The 1950s and ’60s were something of a crossroads for American criminal justice. More women and people of color gained access to jury service, and the Supreme Court established new protections for defendants, including the right to counsel in nearly all felony cases. Plus, some in the legal community were fiercely opposed to bargained justice. As late as 1973, the National Advisory Commission on Criminal Justice Standards and Goals recommended that all plea bargaining be eliminated nationwide.
Yet trials were already on the path to extinction, and the guarantee of a defense lawyer provided a mere facade of fairness for a system obsessed with expediency. What’s more, the drug wars, tough-on-crime politics and White America’s desire to keep people of color at the bottom of the newly integrated social hierarchy, proved too strong to resist.
The question of how far prosecutors could go to coerce a defendant into giving up their right to trial was finally resolved in 1978 with the Supreme Court ruling in Bordenkircher v. Hayes. Paul Hayes was a 29-year-old horse transporter in Lexington, Ky., when he was arrested for trying to cash a bad check for $88.30 at a grocery store. The prosecutor offered Hayes five years in prison for a guilty plea. Hayes thought five years was too steep a penalty, so he rejected the deal. Frustrated by Hayes’s refusal, the prosecutor threatened to charge him under the state’s habitual offender statute which carried a mandatory penalty of life behind bars. But Hayes insisted he was innocent. At trial, the prosecutor scolded Hayes for refusing to “save the court the inconvenience and necessity of a trial.” Hayes was promptly convicted and sentenced to life.
On appeal, the Supreme Court found nothing unconstitutional, or even unfair, in condemning someone to life in prison for exercising their right to demand a trial. The court’s opinion cited the “mutuality of advantage” that plea bargaining gives both defendants and prosecutors.
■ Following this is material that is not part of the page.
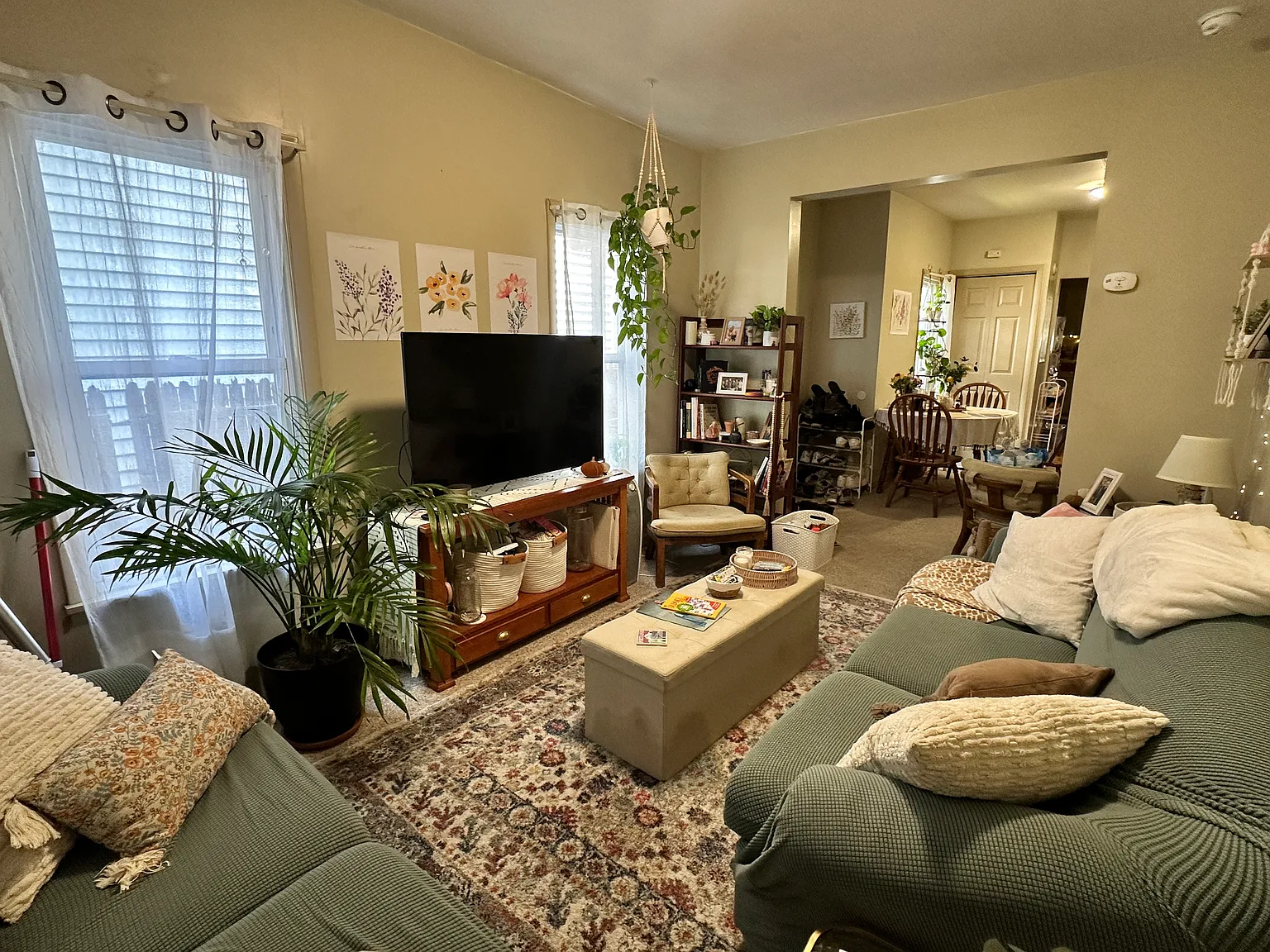 2 bed, 1000 sqft, $1,550 — Photo 2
The prosecutor’s job, according to Justice Potter Stewart, is to “persuade the defendant to forgo his right to plead not guilty.” Because Hayes was not persuaded, he was sentenced to spend his life in prison over an $88.30 check. Tough break, said the court.
Thus the “trial penalty” was codified by the court, and plea bargaining became the default. Police and prosecutors, armed with an array of techniques to coax, cajole and compel defendants into pleading, had the power to make thousands of new criminals each day without the inconvenience of jury trials.
Even as the lore of the jury trial lives on in popular entertainment — film, TV, literature and podcasts — the real-life administration of justice is often divorced from that lawful process altogether.
Two generations after the Hayes case, American lawyers treat plea bargains as the default. They expect that a deal will be offered and that a prosecutor will threaten a defendant with anything — additional charges, enhancements, infinite jail time, even the death penalty — to get them to take that deal. And they expect that a defendant will eventually plead, even if it’s to a charge that has nothing to do with the conduct they were arrested for.
That’s why someone like Pamela Moses can get years behind bars for demanding a trial, and the result provokes little outrage from the judiciary, the bar or in legal academia. Two hundred years after the ruling classes sought to restrict the public’s access to trial courts, those who administer American criminal justice have become so accustomed to a system based on wagers and threats that we can’t imagine any other way.